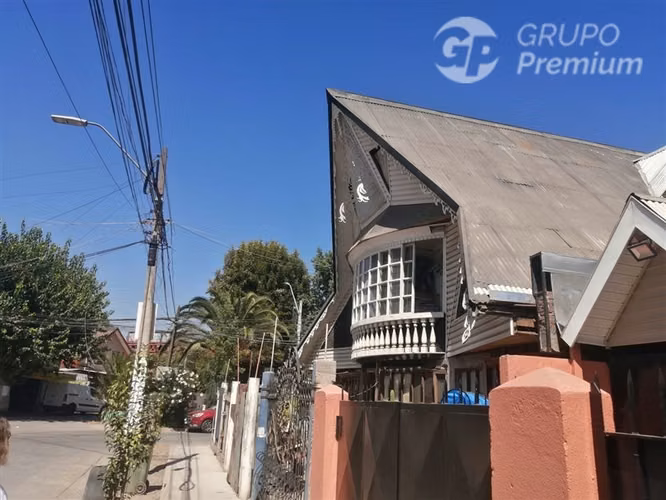 Casa en venta de 6 dorm. en Renca 142 m2 construido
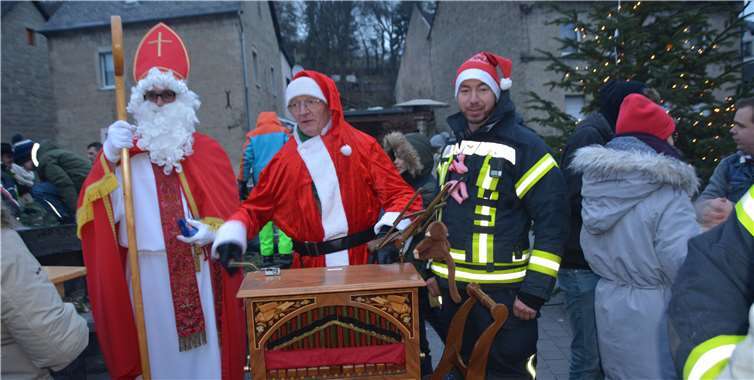 Weiberns Wehrführer Björn Schulz immer im Einsatz – egal ob als Bodyguard des Nikolauses oder beim Nachfüllen des Glühweins. Fotos: BE
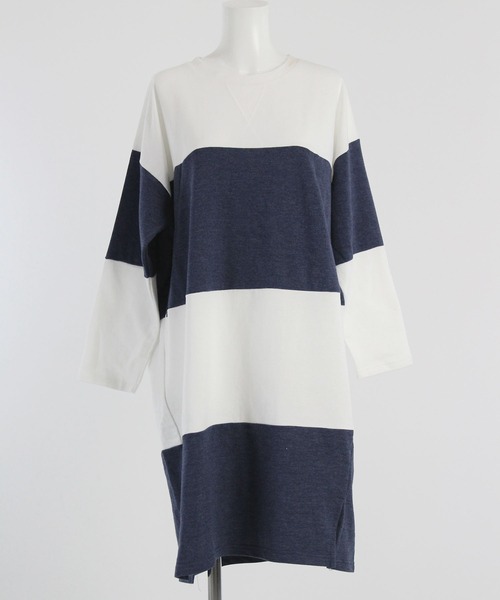 CHOCOA（チョコア）の「マタニティ授乳ワイドボーダーワンピース（マタニティウェア/グッズ・レディース・チャコールグレー/ネイビー/イエロー・FREE）」の2枚目の写真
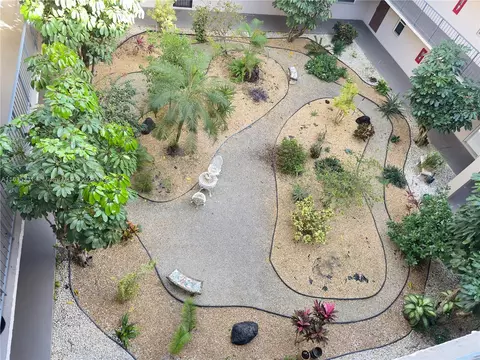 2821 Somerset Dr #407, Lauderdale Lakes, FL 33311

○ ○ ○

--- What the exercise asks ---
Set down the data again, exactly, without images.

--- Response below ---
 Casa en venta de 6 dorm. en Renca 142 m2 construido
 Weiberns Wehrführer Björn Schulz immer im Einsatz – egal ob als Bodyguard des Nikolauses oder beim Nachfüllen des Glühweins. Fotos: BE
 CHOCOA（チョコア）の「マタニティ授乳ワイドボーダーワンピース（マタニティウェア/グッズ・レディース・チャコールグレー/ネイビー/イエロー・FREE）」の2枚目の写真
 2821 Somerset Dr #407, Lauderdale Lakes, FL 33311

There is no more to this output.